With six innings of one-run ball against the red-hot Pirates, Gray made another statement in an April filled with them. The 25-year-old right-hander, with some much-appreciated run support from his teammates, led the Nats to a 7-2 victory over Pittsburgh to avoid a sweep at the end of a long weekend that featured as much rain as baseball.
"He's been unbelievable, since spring training," manager Davey Martinez said. "His routine, the way he's going about his business, the way he's mapping out the game plan ... that's just a testament to what he wants to do. And right now, he's doing unbelievable."

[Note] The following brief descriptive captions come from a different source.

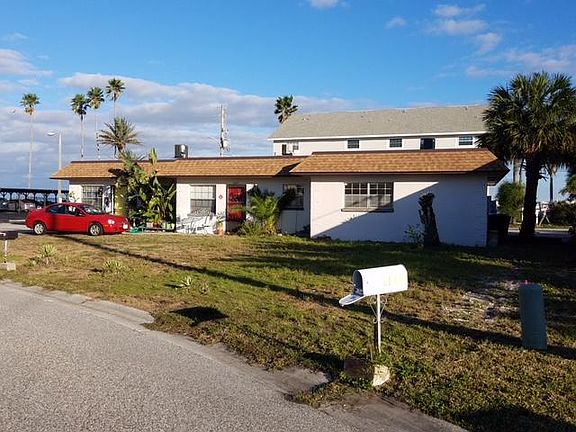 Great location.. walk to Marina and fish for the day, only 3 units here!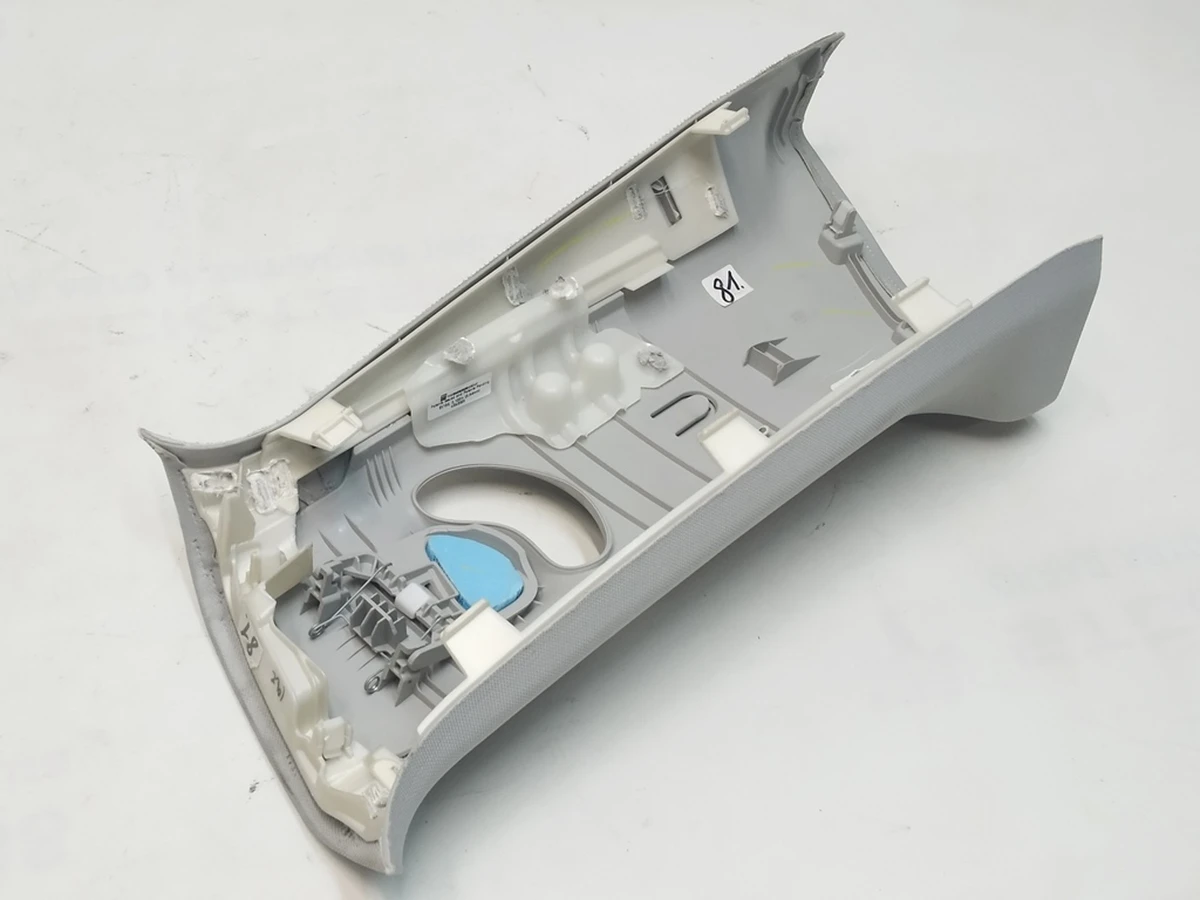 3 Накладка стойки B верхняя правая Tesla Model Y 1626929-02-E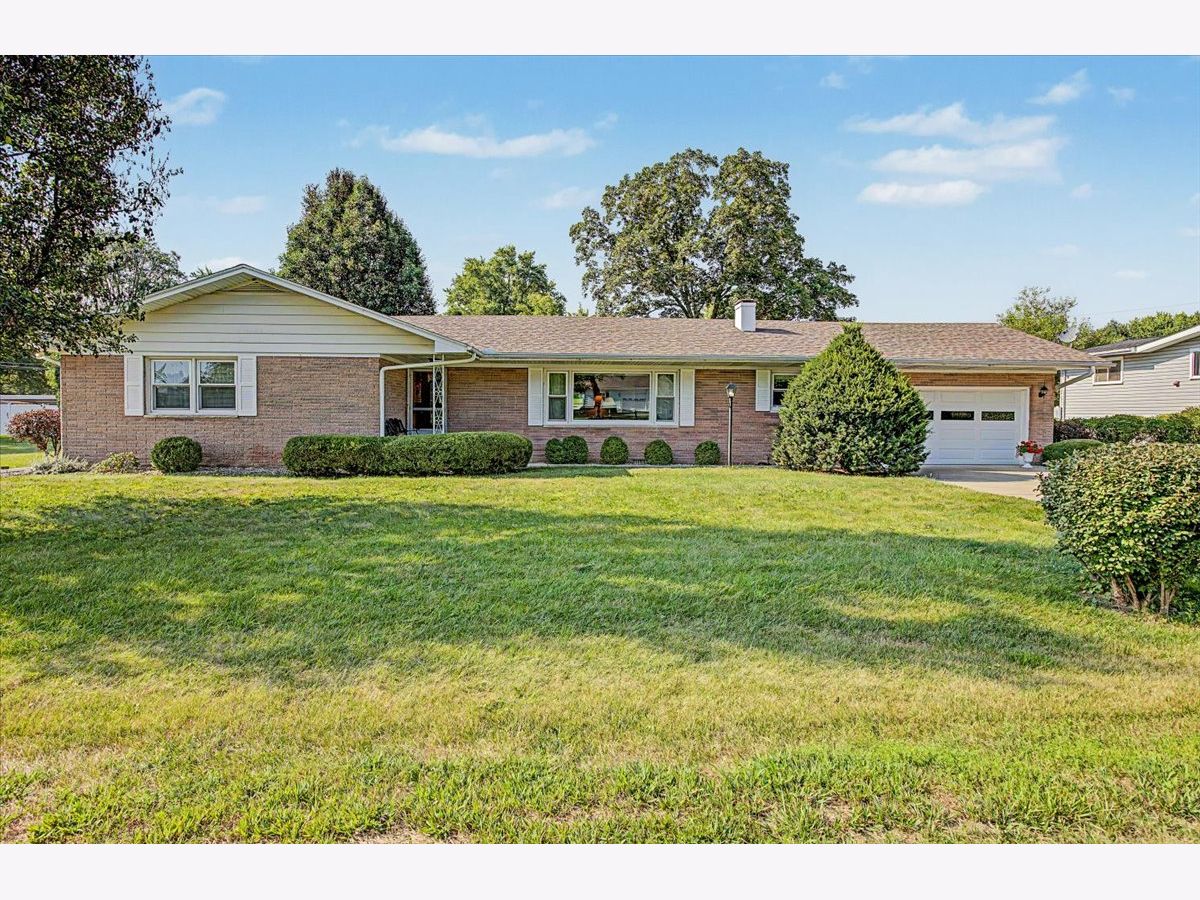  For Sale Streator Illinois, 509 Pine Tree Road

Friday’s series opener was a washout, forcing Saturday’s day-night doubleheader. Today’s finale always looked touch-and-go, but they managed to play the game in full following a 2-hour, 26-minute delay, with only a fraction of the 16,898 who paid to attend sticking it out until the end.
Those hearty souls were rewarded with a lopsided win by the home club, which ended the season’s first month at 10-17 but played much better baseball after a dismal 1-6 opening week.
A Nationals lineup that scored a grand total of one run through Gray’s first four starts this season enjoyed a productive afternoon against Pirates starter Johan Oviedo, scoring seven runs by the end of the third inning to provide their starter with more than enough cushion.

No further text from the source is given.